On Sat, Mar 02, 2024 at 08:53:54PM +0100, Max Boone wrote:
>
> Thank you so much for the quick reply!
>
> I haven't filed a bug with Debian specifically as I'm running the linux
> kernel built and provided by Microsoft and Ubuntu as OS on top. If it helps
> with the search I'd gladly run Debian and file a bug there, but will still
> need to build my own kernel as WSL requires some modules (such as HyperV
> storage and sockets) to be built into the kernel instead (meaning =y) of as
> modules (meaning =m).
Ah, if you built your own kernel, then you are your own distro as far
as kernel issues are concerned. ;-)
Thanx, Paul
> I'll stick to using the rcu list from here on to avoid spam, thanks again!
>
> On Saturday, March 02, 2024 20:43 CET, "Paul E. McKenney"
> <[email protected]> wrote:
> [ Adding Boqun and the rcu list on CC. ]
>
> On Sat, Mar 02, 2024 at 07:59:08PM +0100, Max Boone wrote:
> >
> > Dear Dr. McKenney,
> >
> > For a couple of years now I've been the sometimes frustrated owner of a
> > Microsoft Surface Pro X ARM64 device, which has been getting progressively
> > better as more vendors start targeting their builds at ARM64 architectures
> > but since the introduction of the device there have been issues with the
> > Windows Subsystem for Linux (not more than an opinionated Hyper-V VM with
> > extensive tooling) locking up and hanging.
> >
> > When this happens, traces like the following are dumped in the kernel
> > messages:
> > https://github.com/microsoft/WSL/issues/9454#issuecomment-1942222109
> >
> > When watching your talk "Decoding Those Inscrutable RCU CPU Stall Warnings"
> > you mentioned one can feel free reaching out when bumping into such issues.

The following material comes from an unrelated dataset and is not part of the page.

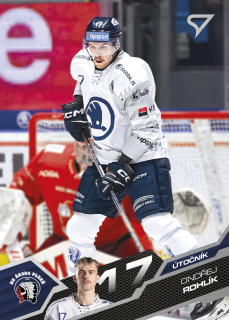Ondřej Rohlík  SportZoo  2025-26 II.serie Base č.327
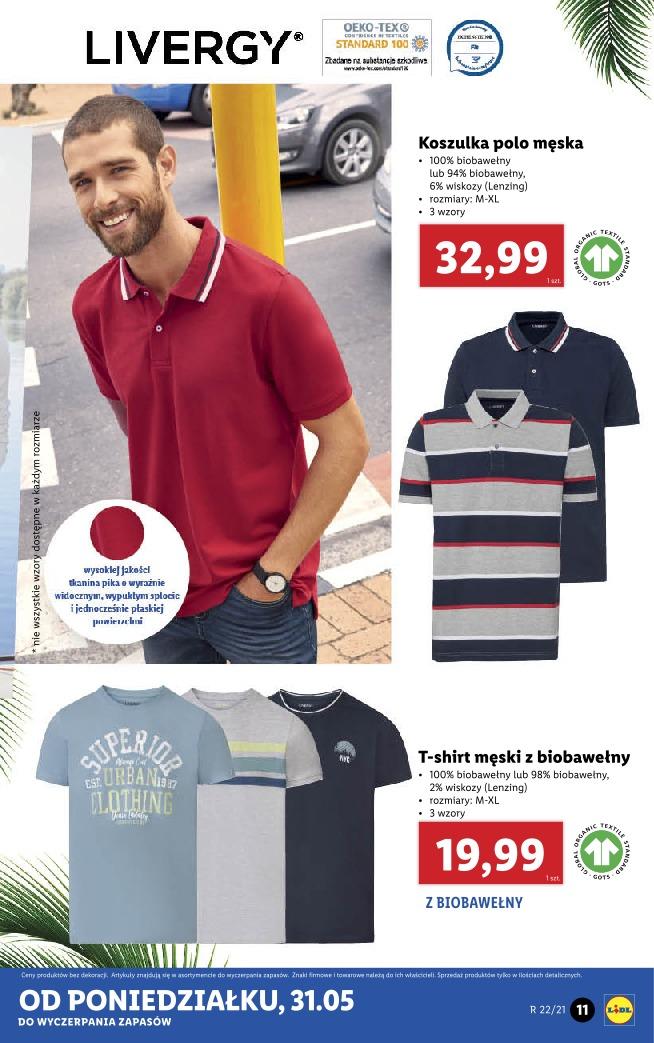 Gazetka promocyjna Lidl str. 11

> > Building other kernel releases, switching off-and-on modules and playing
> > with the RCU grace period times so far don't seem to work for me (or others
> > in that thread).
> >
> > Anyways, I don't really know where to start looking and the call stacks
> > aren't very informative (to my eye) either. I'm hoping you might help me
> > find the direction to look for the root of this problem.
>
> I am assuming that you have filed a bug with the Debian folks, and before
> doing that, searched for similar bug reports.
>
> At first glance, this is because things were stuck here:
>
> [ 967.115632] clear_rseq_cs.isra.0+0x4c/0x60
> [ 967.116433] do_notify_resume+0xf8/0xeb0
> [ 967.116960] el0_svc+0x3c/0x50
> [ 967.117537] el0t_64_sync_handler+0x9c/0x120
> [ 967.118323] el0t_64_sync+0x158/0x15c
>
> So including these function names (clear_rseq_cs() and so on) in your
> search for similar bug reports would be a good idea.
>
> I am unfamiliar with that code.
>
> So I added Boqun because he works with Linux on HyperV as part of his
> day job and has a great deal of experience with RCU. He will likely
> have quite a number of questions for you including exact versions,
> Debian bug number, the results of your web search, and so on. He might
> also know an ARM person to get involved in this.
>
> Or maybe he knows the solution off the top of his head!
>
> Thanx, Paul
>
>
>